> [Provided material]

= = = =

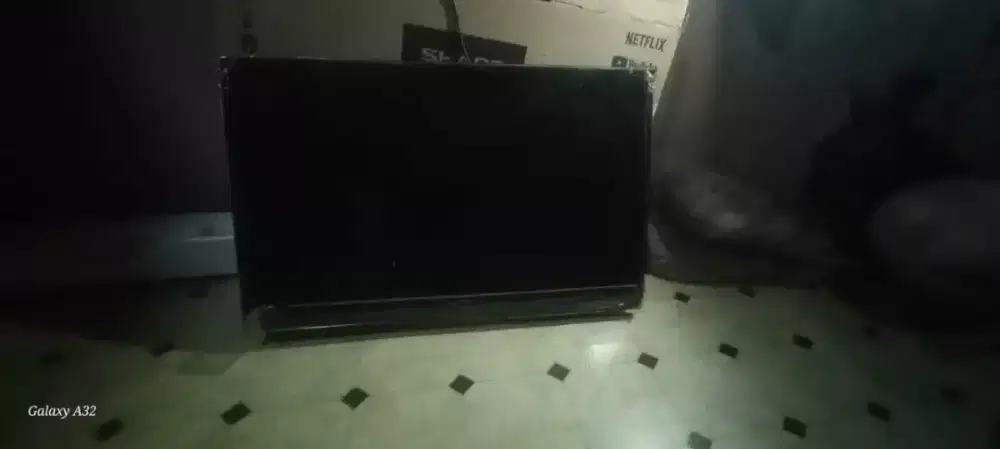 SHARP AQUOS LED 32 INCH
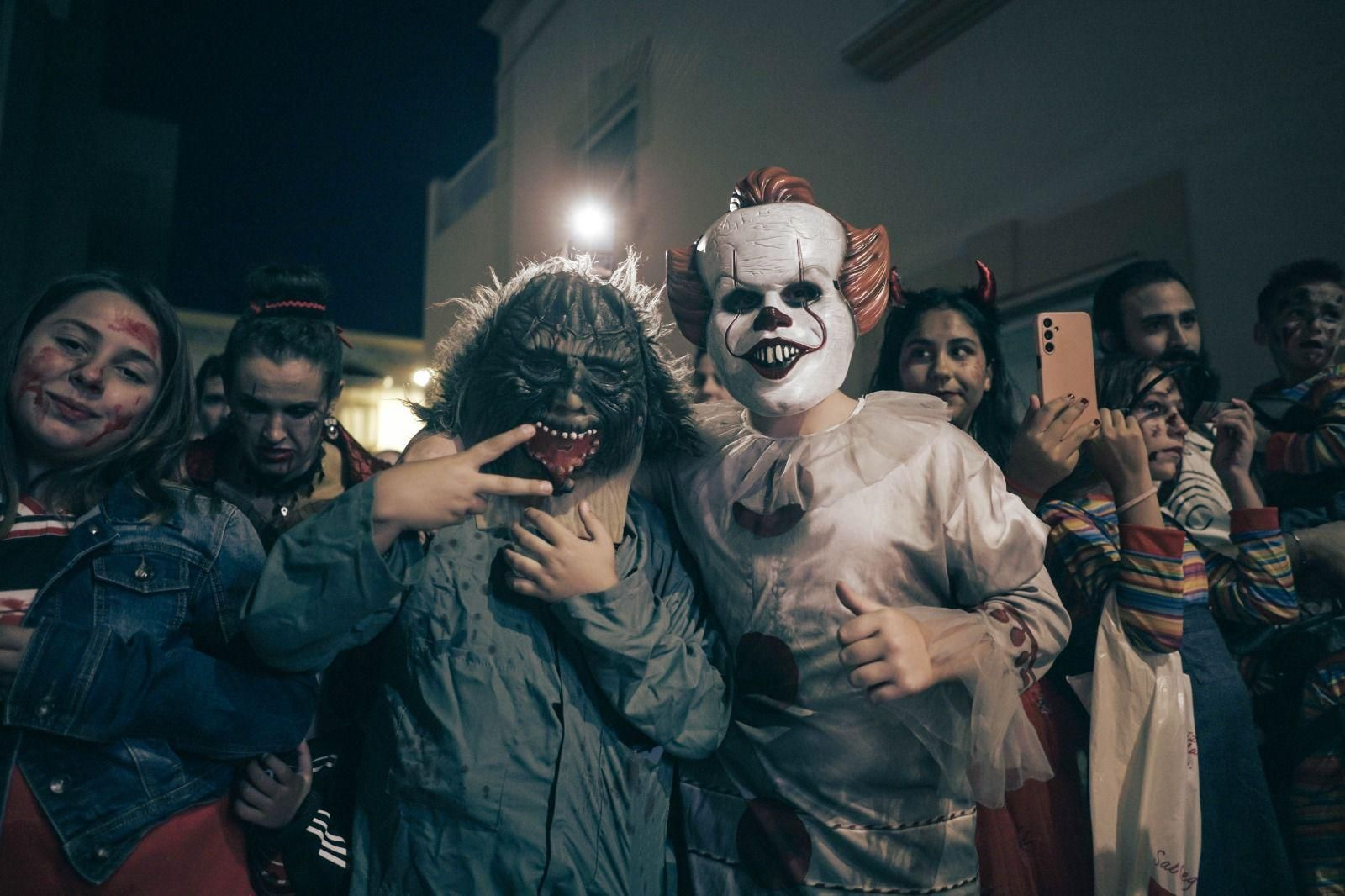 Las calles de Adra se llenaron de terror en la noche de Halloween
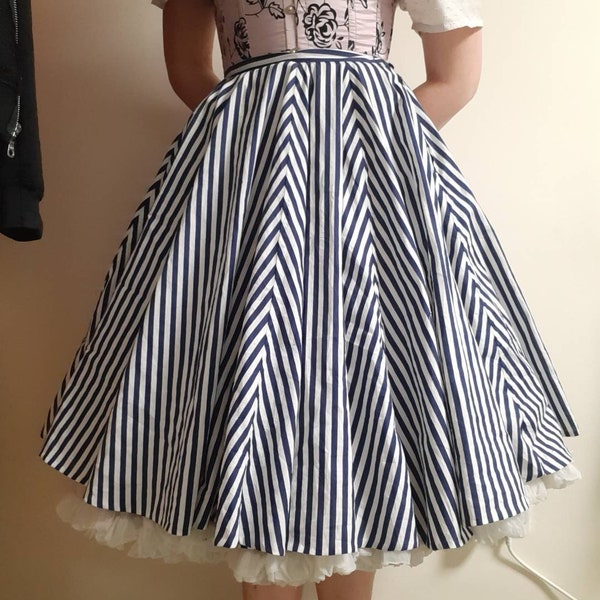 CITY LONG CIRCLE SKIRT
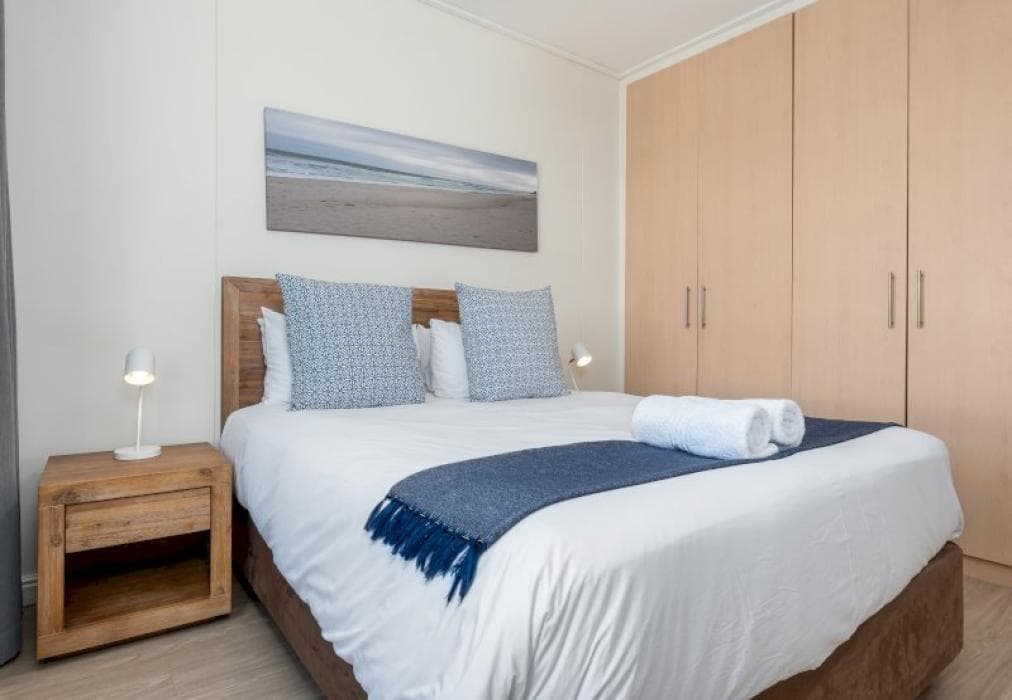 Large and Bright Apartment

= = = =

> [Task details] Output the material above exactly as written and drop any images it holds.

> [Response below]
 SHARP AQUOS LED 32 INCH
 Las calles de Adra se llenaron de terror en la noche de Halloween
 CITY LONG CIRCLE SKIRT
 Large and Bright Apartment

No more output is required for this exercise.